The problem:
After reading each line of the entries, give the number of lines that contain "Land" and nothing else.

(Stored data entries)
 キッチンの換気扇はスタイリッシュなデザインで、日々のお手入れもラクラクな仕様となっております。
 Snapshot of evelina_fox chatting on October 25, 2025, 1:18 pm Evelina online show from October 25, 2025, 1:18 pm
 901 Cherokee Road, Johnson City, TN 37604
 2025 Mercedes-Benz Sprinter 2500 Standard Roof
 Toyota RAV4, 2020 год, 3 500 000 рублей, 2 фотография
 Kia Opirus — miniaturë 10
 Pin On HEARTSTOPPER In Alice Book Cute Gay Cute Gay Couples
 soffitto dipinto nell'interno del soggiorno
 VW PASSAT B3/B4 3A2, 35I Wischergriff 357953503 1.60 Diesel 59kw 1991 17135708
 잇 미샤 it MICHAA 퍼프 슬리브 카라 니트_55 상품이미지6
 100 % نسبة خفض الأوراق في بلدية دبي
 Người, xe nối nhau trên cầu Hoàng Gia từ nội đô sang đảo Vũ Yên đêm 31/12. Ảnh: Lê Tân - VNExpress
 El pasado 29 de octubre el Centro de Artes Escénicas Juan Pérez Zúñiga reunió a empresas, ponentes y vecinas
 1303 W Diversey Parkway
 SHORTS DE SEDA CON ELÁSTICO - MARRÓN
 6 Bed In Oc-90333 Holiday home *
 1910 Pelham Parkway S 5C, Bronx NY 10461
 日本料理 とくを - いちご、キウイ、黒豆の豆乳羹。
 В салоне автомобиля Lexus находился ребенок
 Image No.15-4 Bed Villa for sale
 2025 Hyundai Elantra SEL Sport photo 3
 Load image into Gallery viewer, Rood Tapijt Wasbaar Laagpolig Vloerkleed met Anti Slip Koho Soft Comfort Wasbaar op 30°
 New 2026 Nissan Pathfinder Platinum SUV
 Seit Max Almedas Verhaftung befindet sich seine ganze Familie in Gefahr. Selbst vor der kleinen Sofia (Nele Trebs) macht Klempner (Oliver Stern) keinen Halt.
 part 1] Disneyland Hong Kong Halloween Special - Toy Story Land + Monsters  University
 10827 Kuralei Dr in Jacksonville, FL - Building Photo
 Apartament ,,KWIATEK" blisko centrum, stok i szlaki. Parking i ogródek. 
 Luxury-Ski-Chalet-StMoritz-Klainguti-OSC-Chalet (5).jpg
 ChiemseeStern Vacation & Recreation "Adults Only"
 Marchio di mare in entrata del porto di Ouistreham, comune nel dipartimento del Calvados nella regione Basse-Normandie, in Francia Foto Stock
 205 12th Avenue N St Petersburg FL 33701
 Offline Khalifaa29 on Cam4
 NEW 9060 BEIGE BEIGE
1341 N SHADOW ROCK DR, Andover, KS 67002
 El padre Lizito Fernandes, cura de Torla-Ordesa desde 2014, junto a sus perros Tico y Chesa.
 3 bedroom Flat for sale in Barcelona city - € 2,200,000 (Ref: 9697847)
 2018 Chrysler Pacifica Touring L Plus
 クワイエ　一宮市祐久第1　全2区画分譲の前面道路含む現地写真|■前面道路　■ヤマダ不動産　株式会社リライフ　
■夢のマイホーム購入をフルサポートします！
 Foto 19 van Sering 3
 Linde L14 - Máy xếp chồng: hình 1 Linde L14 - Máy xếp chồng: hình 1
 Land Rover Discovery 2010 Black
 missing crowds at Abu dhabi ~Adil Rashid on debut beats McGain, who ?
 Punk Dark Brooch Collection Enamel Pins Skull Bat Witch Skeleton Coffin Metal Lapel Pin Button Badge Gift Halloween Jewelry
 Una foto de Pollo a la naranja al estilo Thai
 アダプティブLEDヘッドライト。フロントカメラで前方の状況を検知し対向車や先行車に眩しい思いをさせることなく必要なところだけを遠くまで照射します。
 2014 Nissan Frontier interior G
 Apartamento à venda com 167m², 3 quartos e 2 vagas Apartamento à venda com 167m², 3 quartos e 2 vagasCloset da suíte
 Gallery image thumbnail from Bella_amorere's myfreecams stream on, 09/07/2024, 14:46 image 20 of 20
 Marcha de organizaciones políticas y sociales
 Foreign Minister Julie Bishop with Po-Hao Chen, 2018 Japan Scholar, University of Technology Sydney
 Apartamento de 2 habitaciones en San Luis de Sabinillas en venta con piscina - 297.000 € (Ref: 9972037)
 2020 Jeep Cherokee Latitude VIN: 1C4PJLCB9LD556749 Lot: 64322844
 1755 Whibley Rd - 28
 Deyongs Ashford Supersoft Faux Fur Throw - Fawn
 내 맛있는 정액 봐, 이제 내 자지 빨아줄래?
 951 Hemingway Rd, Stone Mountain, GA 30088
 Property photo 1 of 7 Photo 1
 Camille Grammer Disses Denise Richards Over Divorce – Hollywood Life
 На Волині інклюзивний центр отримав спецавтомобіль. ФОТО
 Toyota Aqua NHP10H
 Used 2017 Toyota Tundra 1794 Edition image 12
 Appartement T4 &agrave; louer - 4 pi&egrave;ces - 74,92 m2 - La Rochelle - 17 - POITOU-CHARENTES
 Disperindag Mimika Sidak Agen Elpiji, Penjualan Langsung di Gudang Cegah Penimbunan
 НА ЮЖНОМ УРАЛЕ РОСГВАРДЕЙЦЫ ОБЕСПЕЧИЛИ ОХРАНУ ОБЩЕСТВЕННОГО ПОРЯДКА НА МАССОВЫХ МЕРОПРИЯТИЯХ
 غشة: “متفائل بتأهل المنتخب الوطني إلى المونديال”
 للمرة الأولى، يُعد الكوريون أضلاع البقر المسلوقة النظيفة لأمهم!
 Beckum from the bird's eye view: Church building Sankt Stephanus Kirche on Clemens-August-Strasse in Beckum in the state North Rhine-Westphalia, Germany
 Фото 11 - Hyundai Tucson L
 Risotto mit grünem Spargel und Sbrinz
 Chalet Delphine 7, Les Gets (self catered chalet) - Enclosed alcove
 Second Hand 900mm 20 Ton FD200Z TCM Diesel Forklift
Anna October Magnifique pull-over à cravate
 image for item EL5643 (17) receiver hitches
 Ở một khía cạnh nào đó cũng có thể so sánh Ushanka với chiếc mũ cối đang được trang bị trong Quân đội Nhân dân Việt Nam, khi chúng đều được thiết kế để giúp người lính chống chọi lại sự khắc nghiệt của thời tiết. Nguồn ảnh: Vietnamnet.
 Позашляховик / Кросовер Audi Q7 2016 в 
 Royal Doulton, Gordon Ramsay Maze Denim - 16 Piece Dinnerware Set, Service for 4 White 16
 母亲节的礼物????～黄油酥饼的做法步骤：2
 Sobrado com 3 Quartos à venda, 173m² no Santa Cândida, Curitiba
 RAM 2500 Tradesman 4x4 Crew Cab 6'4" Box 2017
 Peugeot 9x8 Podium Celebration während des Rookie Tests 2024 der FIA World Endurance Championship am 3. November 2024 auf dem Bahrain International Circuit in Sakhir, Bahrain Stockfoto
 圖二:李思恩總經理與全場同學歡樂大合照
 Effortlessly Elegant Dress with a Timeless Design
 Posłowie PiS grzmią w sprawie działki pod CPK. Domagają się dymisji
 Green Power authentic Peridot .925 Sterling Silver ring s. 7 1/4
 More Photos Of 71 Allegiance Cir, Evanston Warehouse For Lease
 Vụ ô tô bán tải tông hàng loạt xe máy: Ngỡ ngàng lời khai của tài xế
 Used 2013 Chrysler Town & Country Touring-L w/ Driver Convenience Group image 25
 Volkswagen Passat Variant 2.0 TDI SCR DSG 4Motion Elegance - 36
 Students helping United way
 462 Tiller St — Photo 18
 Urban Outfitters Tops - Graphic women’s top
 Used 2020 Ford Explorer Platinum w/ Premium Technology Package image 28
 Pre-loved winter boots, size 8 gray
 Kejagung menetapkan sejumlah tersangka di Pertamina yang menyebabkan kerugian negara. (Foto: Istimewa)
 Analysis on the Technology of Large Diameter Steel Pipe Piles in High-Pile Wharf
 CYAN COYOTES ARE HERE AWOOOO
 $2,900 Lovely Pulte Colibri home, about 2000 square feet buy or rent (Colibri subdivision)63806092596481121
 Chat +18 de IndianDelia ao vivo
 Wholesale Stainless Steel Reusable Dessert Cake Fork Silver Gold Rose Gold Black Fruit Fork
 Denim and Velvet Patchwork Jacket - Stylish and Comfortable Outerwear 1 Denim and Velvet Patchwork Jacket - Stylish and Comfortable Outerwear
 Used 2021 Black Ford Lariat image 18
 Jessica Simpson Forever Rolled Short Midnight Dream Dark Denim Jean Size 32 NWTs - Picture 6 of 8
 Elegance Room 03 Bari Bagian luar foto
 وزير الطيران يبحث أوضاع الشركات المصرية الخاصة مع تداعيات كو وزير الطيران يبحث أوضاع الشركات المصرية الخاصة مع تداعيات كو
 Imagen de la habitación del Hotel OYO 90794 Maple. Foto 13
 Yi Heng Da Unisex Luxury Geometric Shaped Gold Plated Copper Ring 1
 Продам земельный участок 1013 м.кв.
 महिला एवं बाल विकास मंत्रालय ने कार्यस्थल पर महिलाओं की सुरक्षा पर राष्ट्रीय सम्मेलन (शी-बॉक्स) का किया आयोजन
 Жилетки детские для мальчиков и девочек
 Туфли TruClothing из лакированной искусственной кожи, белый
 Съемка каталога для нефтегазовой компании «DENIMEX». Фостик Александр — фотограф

Answer section:
2